ピールの入手を目的に栽培をはじめたバレンシアオレンジの果実が黄色く色づきはじめたのだがはたして⋯
はじめに
知り合いがクリスマスのシュトーレンにバレンシアオレンジのピールを入れたいとのこと。ドイツにいらした方。外国産オレンジの皮は使えないし⋯と言っていたのを聞いたのが何年も前の話。皮が目的のオレンジ生産なんてと頭をよぎりはしたが、思いきって苗木を見つけて庭の片隅に植えつけた。それから6年ほど経つ。
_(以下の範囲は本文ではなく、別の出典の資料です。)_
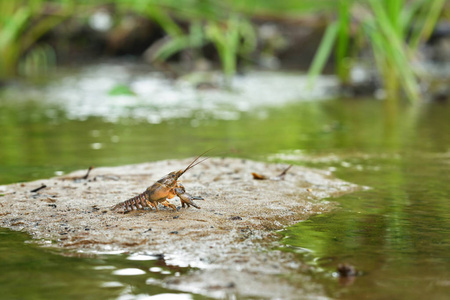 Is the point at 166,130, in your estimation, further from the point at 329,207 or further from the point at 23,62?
the point at 23,62

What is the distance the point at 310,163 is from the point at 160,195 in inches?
59.2

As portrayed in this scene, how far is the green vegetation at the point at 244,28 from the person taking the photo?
6.86m

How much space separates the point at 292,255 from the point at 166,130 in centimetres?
327

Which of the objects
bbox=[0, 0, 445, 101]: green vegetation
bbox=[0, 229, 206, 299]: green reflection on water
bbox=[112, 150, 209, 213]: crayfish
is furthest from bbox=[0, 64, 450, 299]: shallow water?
bbox=[0, 0, 445, 101]: green vegetation

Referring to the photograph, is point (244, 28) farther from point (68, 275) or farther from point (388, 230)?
point (68, 275)

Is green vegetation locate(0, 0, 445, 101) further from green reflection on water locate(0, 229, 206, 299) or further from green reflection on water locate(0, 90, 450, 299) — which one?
green reflection on water locate(0, 229, 206, 299)

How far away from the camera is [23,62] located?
467 inches

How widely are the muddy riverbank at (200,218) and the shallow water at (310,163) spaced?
3.5 inches

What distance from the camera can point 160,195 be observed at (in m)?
2.45

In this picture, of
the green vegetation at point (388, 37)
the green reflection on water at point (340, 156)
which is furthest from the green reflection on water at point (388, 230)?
the green vegetation at point (388, 37)

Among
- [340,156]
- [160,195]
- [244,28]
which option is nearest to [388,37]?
[340,156]

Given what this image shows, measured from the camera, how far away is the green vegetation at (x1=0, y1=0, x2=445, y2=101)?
686 centimetres

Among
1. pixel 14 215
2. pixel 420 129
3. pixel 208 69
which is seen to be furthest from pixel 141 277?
pixel 208 69

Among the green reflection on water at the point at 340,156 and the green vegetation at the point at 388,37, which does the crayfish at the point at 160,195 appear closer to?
the green reflection on water at the point at 340,156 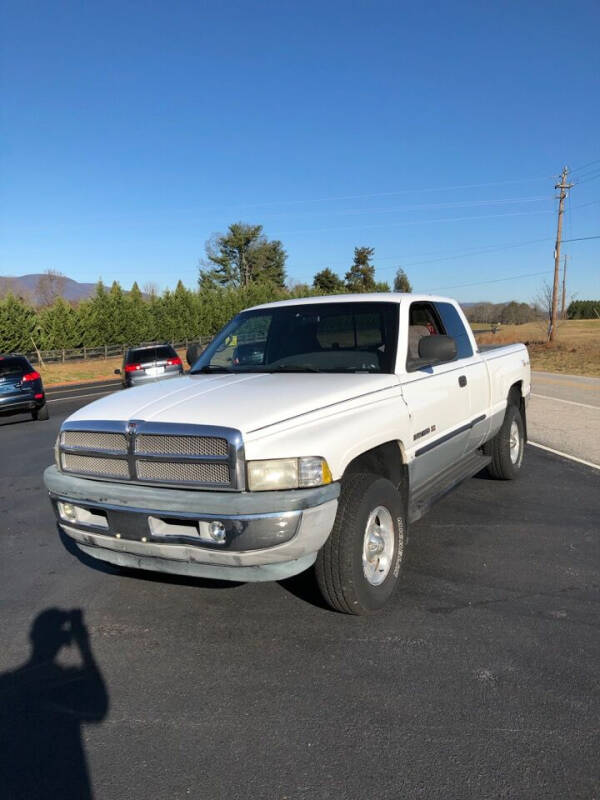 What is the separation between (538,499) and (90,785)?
190 inches

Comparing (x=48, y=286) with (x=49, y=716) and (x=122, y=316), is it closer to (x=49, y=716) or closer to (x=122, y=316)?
(x=122, y=316)

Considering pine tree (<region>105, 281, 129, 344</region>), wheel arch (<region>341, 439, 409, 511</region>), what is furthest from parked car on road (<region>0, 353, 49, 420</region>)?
pine tree (<region>105, 281, 129, 344</region>)

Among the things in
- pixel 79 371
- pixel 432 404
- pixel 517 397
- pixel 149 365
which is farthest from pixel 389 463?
pixel 79 371

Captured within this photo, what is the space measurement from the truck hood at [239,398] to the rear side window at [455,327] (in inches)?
66.7

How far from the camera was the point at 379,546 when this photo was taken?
385 cm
今年は野球のボール大の実をつけた。生理落花と落果はあったけれど、どうにかいくつかの実が残っている。以前の話では皮を所望されている。はたしていつごろ収穫するのが望ましいのか。
きょうはそんな話。
果実栽培していた頃
みかんを中心に、梅、桃、キウイフルーツ、柿や栗などを栽培し販売していた。いちばんこの土地に合っているのがみかん。冬でも海からのつめたい風をさえぎられる陽だまりの段々畑で栽培。理想的な場所だった。それに準じているのが以前住んでいた家の庭。ここも北風を遮られるいわば扇状地に近い地形。水はけがよく東側に開けた土地。西南地域では育てにくい桃などもここではよく育つ。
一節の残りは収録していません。